It’s Business as Usual If You Ignore Income Inequality and Poverty

The latest iteration of the Oregon Business Plan prepared for the 2011 Leadership Summit, a gathering of Oregon business and political leaders, is remarkable for what it leaves out. Put together by the Oregon Business Council, this “policy playbook” not once mentions income inequality or poverty, even as it purports to discuss Oregon’s “economic progress and challenges.”

Prior summit roadmaps have also ignored the inequities of our economic system, but this year the environment is different. The document reads as if the Oregon Business Council failed to notice Occupy Portland’s encampments in the heart of Portland’s business district. Why does the Oregon Business Council find it so difficult to acknowledge the extent to which economic gains of the past few decades have gone to a relative few and left Oregon with more poor?

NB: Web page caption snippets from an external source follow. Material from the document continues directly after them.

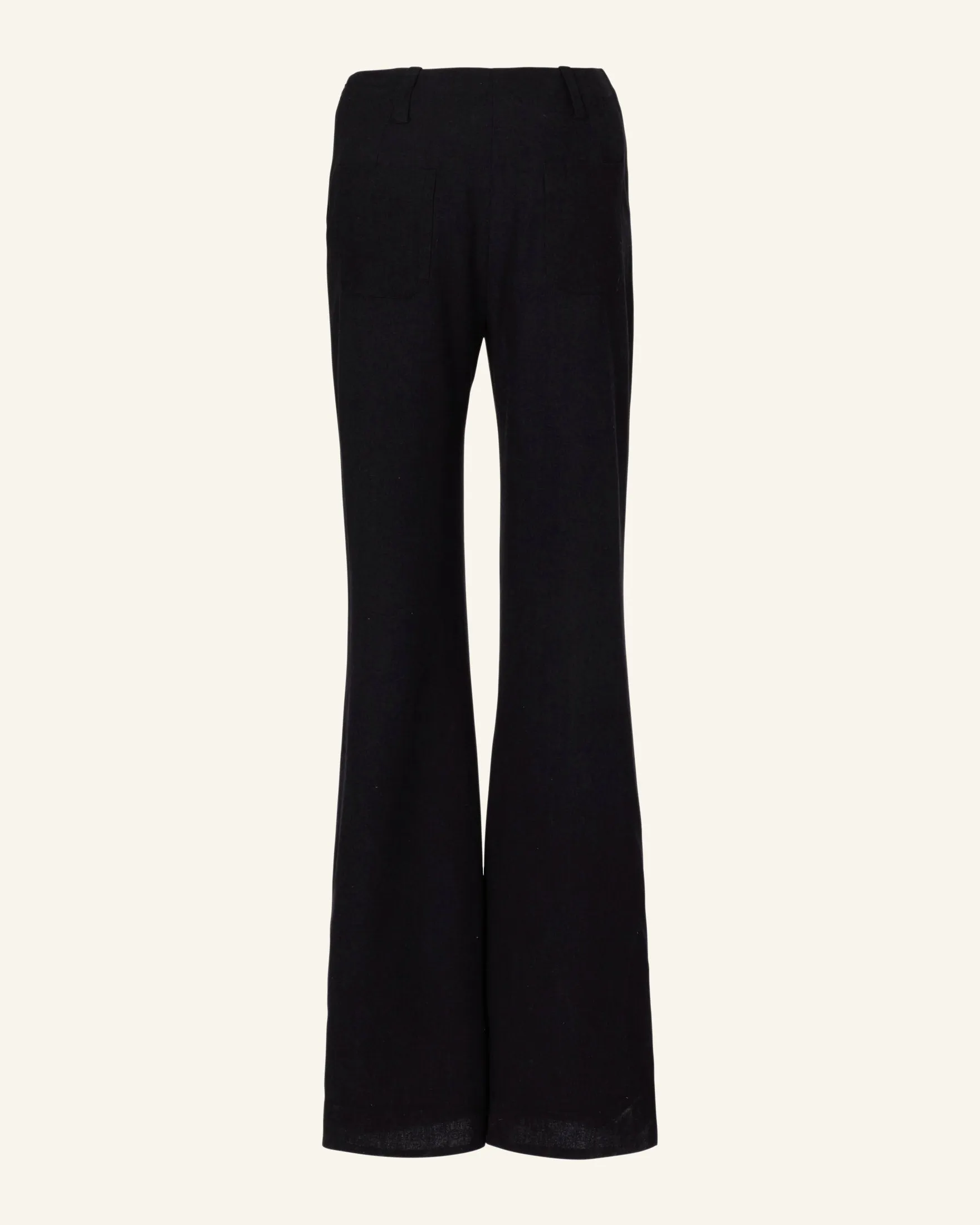 Charlie Black Bloom Embroidered Pant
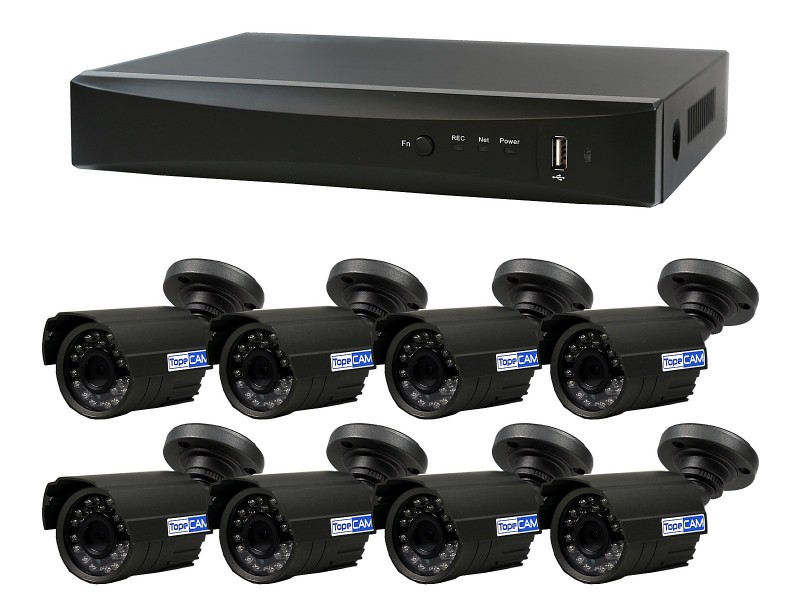 Kit de videovigilancia TVI Full HD 1080p 8 cámaras exterior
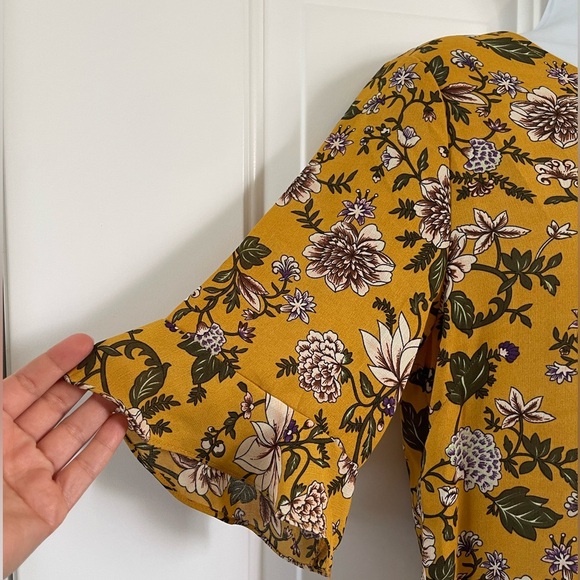 NWT Molly Bracken star ladies woven floral dress Medium - Picture 4 of 5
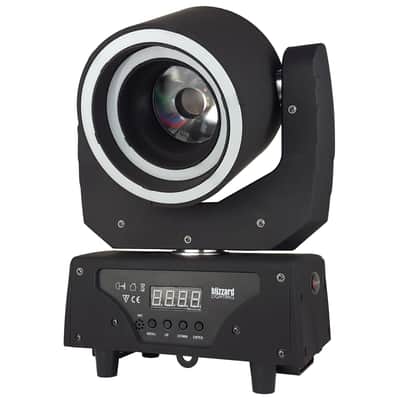 Blizzard Lighting Hypno Beam LED DMX DJ Stage Moving Head Lights 4 Pack w Bags image 8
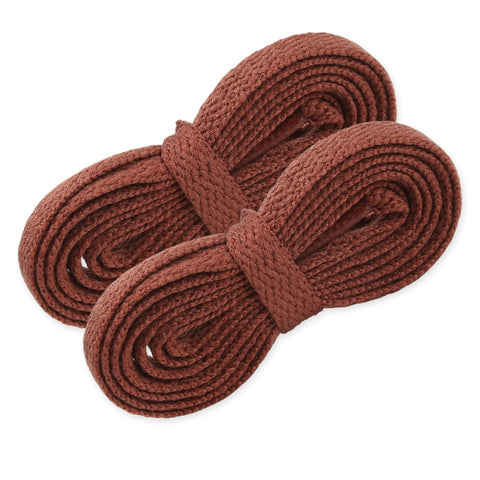 Brown Flat Laces - Essentials Collection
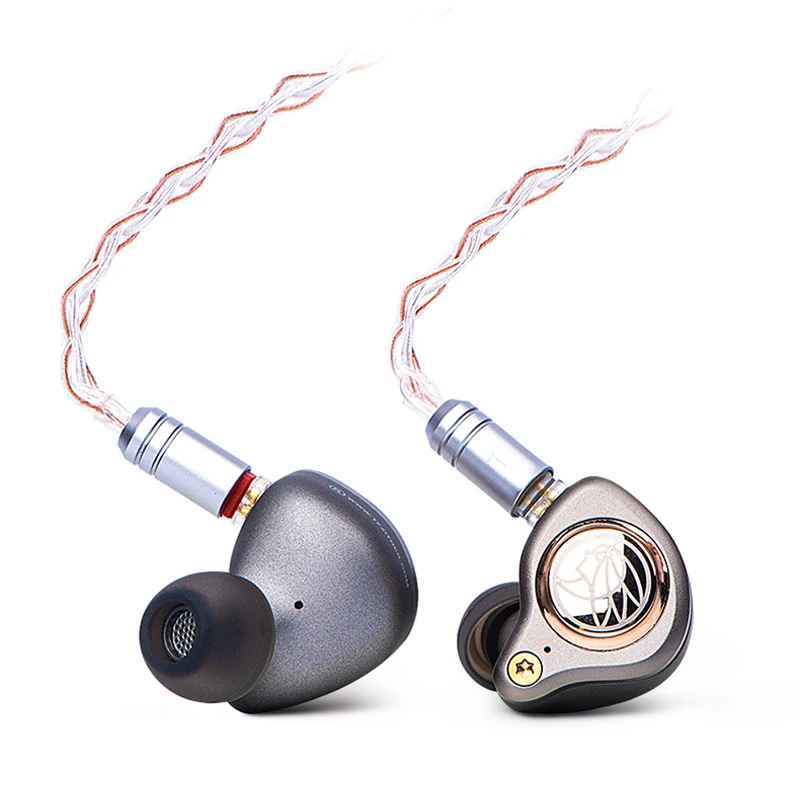 TFZ KING LTD HiFi наушники-вкладыши монитор IEM с двойной магнитной схемой Графен драйвер 2 pin/0,78 мм съемный кабель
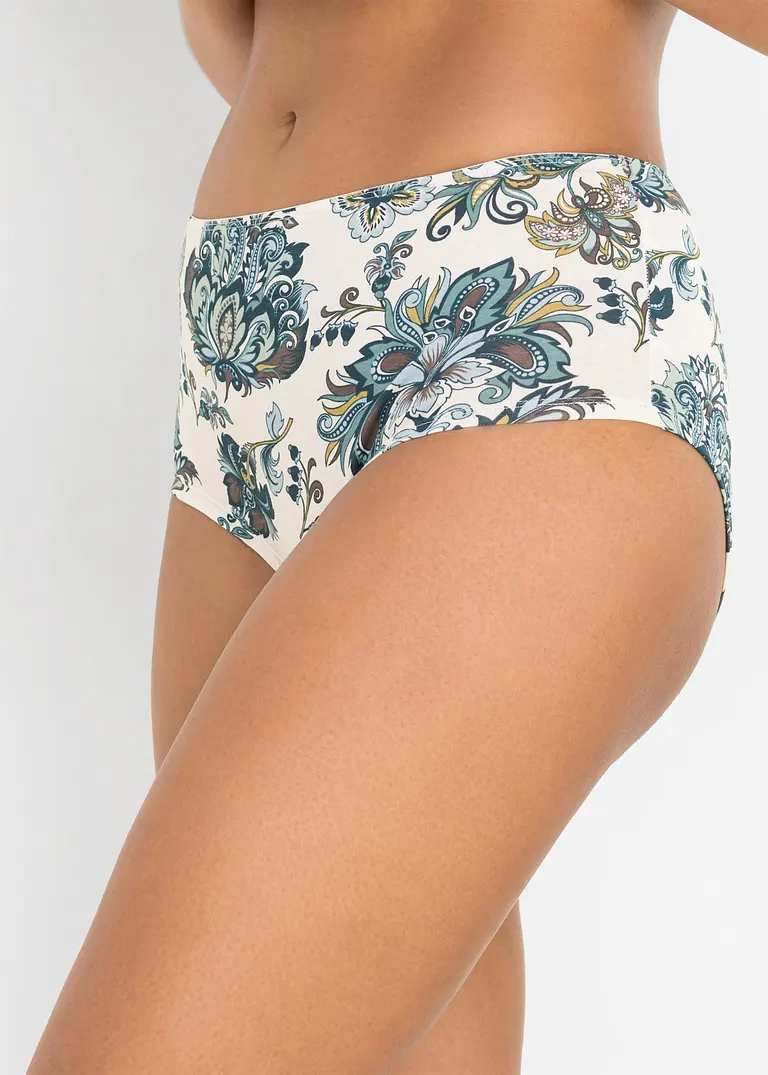 Bonprix Bequeme Maxipanty Im Floralen Look - Damen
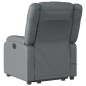 vidaXL Massagesessel mit Aufstehhilfe Grau Kunstleder vidaXL Massagesessel mit Aufstehhilfe Grau Kunstleder
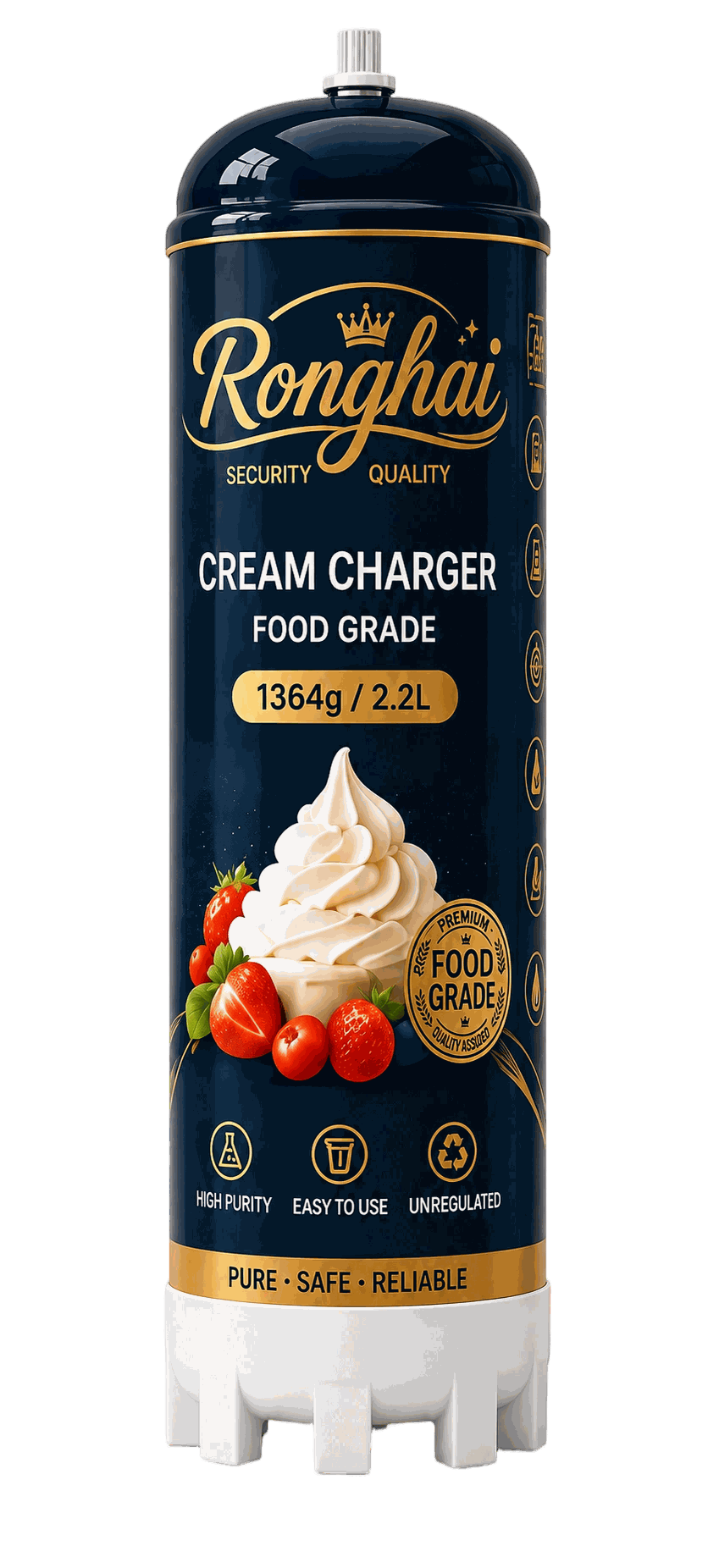 1364g 2.2L N2O Cream Charger Cylinder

Over the past three decades, those at the top of Oregon’s income scale — the wealthiest 1 percent — collectively have seen their income soar, while those in the middle have seen their income erode. From 1979 to 2009, the most recent year with data available, the average income for Oregon’s wealthiest 1 percent nearly doubled to about $635,000. Yet over the same time period, the income of the typical Oregonian declined by about 10 percent to $30,327 in 2009.

So, on average, Oregon’s wealthiest top 1 percent were enjoying 21 times the income of a typical Oregonian by 2009. To belong to Oregon’s top 1 percent that year, you would have had to make at least $278,150.

But that’s peanuts compared to the income gains of Oregon’s wealthiest one-tenth of 1 percent, the wealthiest 1 out of every 1,000. This privileged group at the top — roughly 1,600 of Oregon’s 1.6 million taxpayers — had an average income of $2.5 million in 2009, more than triple what it was 30 years earlier.

It is this elite group that would reap the rewards of any tax cut on income from capital gains, a key part of the Oregon Business Plan’s proposal to reform our tax system.

In 2009, the top one-tenth of 1 percent amassed nearly half of all capital gains income. The rest of the top 1 percent collected another 22 percent.

Thus, the top 1 percent reaped a little over two-thirds of all capital gains income in Oregon. The remaining 99 percent (more than 1.5 million tax filers) were left to share the remaining third.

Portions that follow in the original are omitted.